Shane Hurlbut’s lighting classes can improve your film career and grip truck gear

I’ll grant you that there’s a void out there for proper training in lighting for film. But you don’t have to go to film school to learn this craft: Shane Hurlbut’s online Hurlbut Academy is a gem. It’s like finding ice cream on a hot, deserted island. And it’s my insider’s tip to get you from that PA job slinging coffee, to that dream gaffer job jumping onto your own grip truck in search of an Arri, drape or c-stand. But I’m not going to lie; you’ll also need the patience of a saint, lots of time, and probably supplemental work parking cars or bartending as you attempt to become an electrician on a film set. 
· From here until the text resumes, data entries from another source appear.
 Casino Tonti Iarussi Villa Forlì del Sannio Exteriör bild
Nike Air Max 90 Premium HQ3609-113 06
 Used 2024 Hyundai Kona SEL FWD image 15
A gaffer job, the circuitous way

Since your chances of leaping straight into a film lighting department are scarce, you might have to content yourself with PA work helping out the lighting department when they’re overwhelmed. Some PA’s cop an attitude about helping out the lighting department this way; they view it as being taken advantage of since they’re getting paid a lot less. Not only is that total bunk, but also it’s a sure-fire way to stay stagnant in the film and television business. 

Dave's Grip & Lighting grip truck in Wynwood Miami
Dave’s Grip & Lighting on location in Wynwood, Miami

Another option is to get a job at a film lighting rental house, loading a grip truck while, at the same time, embracing photography as a serious hobby to learn composition, lighting, exposure, and color correction. It blows my mind how many lighting professionals don’t know how to use a color temperature meter or an exposure meter. 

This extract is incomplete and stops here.